My first point that I want to clear up is that there have actually been news stories about two different concussion blood tests in the past month. The first study was performed in athletes at the National Institute of Health. It showed that increases in tau were evident in blood in both concussed athletes and control athletes up to seven days after playing in a game.12 This isn't the first study to show little difference between athletes regardless of concussion status13, so this raises some huge questions about the damage that's being done by small, non-concussive hits over time. What this study did find that could be thrown under the "diagnostic" category is that concussed athletes with long recovery times following their injuries had significantly higher tau for up to three days than did concussed athletes with shorter recovery times. This could be hugely important when it comes to evaluating athletes for timing on returning to play when it's right for them as opposed to a standard protocol, but there's one major caveat: this test only had an 81% accuracy rate. As critical as it could be to determine markers of recovery time for personalized protocols, this one definitely needs some more work before it's ready to be used on the sidelines.

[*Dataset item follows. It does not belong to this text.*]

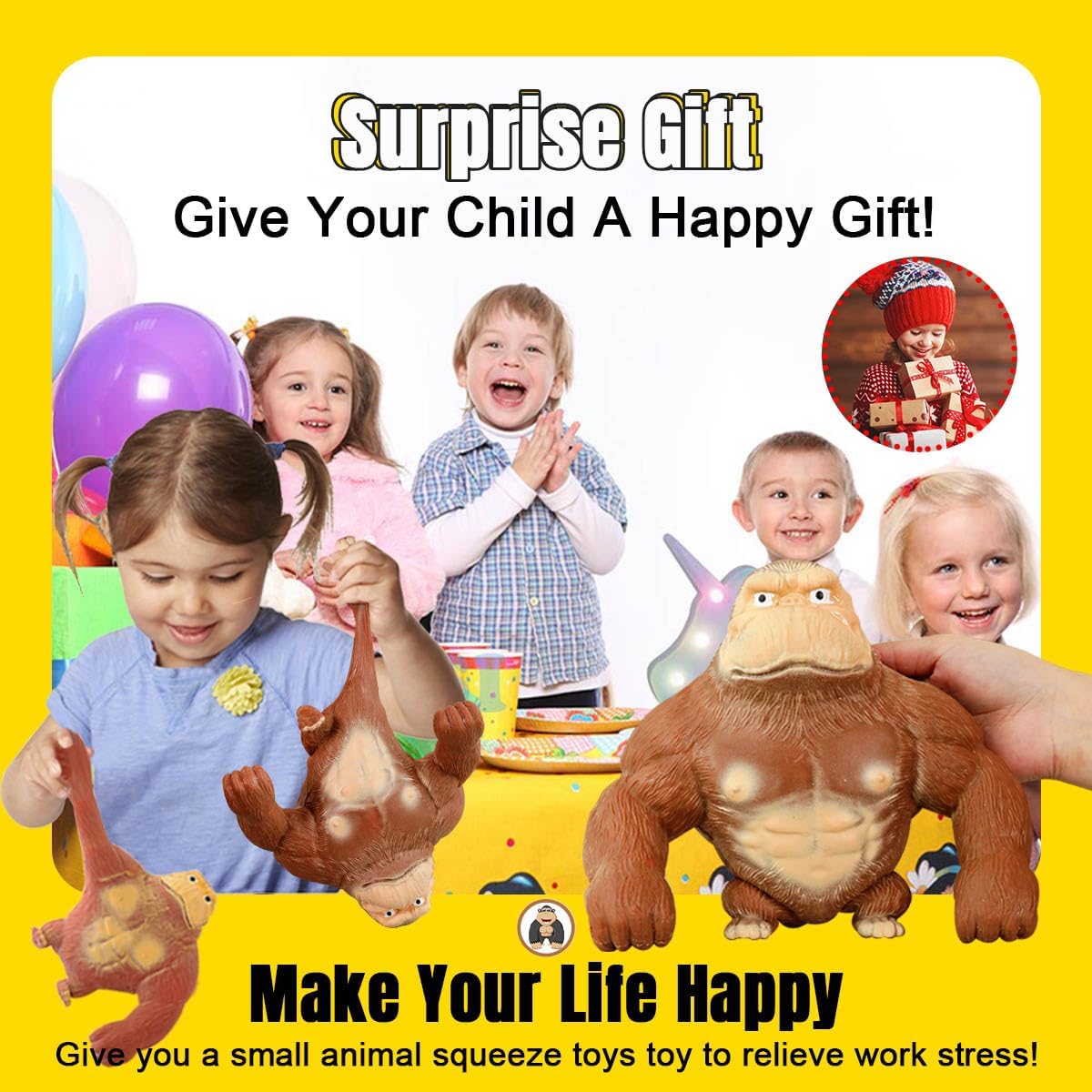 YHan Trending Stretchy Monkey Toy, Stretch Gorilla Toy, Kids Adult Stress Relief Squishy Toys Anxiety TikTok Gift Idea Stretch Gorilla Funny (Large)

The second blood test story is from a study done at Western University in hockey players because, well, it's Canada. This study looked at preadolescent males roughly two days after suffering their concussion. The blood test they used actually didn't end up using tau at all; rather, they found 17 metabolites out of 174 that, when looked at together, were 91% accurate at classifying kids that had sustained a concussion.14 Again, that's pretty good diagnostic accuracy, and I really like that this study looked at the way biomarkers together can indicate a diagnosis. I am a little suspicious of something, given that previous studies hadn't found a lot other than tau to be related, but also encouraged that if the NIH study, for example, were to look at tau in combination with other things, accuracy may rise. We also don't know if any of these metabolites appear immediately after an injury, or if more time is needed in order to judge. The time period immediately following a concussion is critical in terms of treatment, so a diagnostic tool that was capable of leading to a determination within hours would be ideal. In terms of sports, something that could be done on a sideline to determine whether a player was safe to go back into the game is everyone's dream, and two days just isn't practical for that. The other problem with this study is a crazy small sample size: only 12 concussed kids and 17 controls were included. While it was a good start, this is no where near ready for news outlets to slap a "Concussion Diagnostic Blood Test" headline on it. There are a few other blood tests being developed that look at some novel markers, but this isn't quite yet the "game changer" the media has labeled it.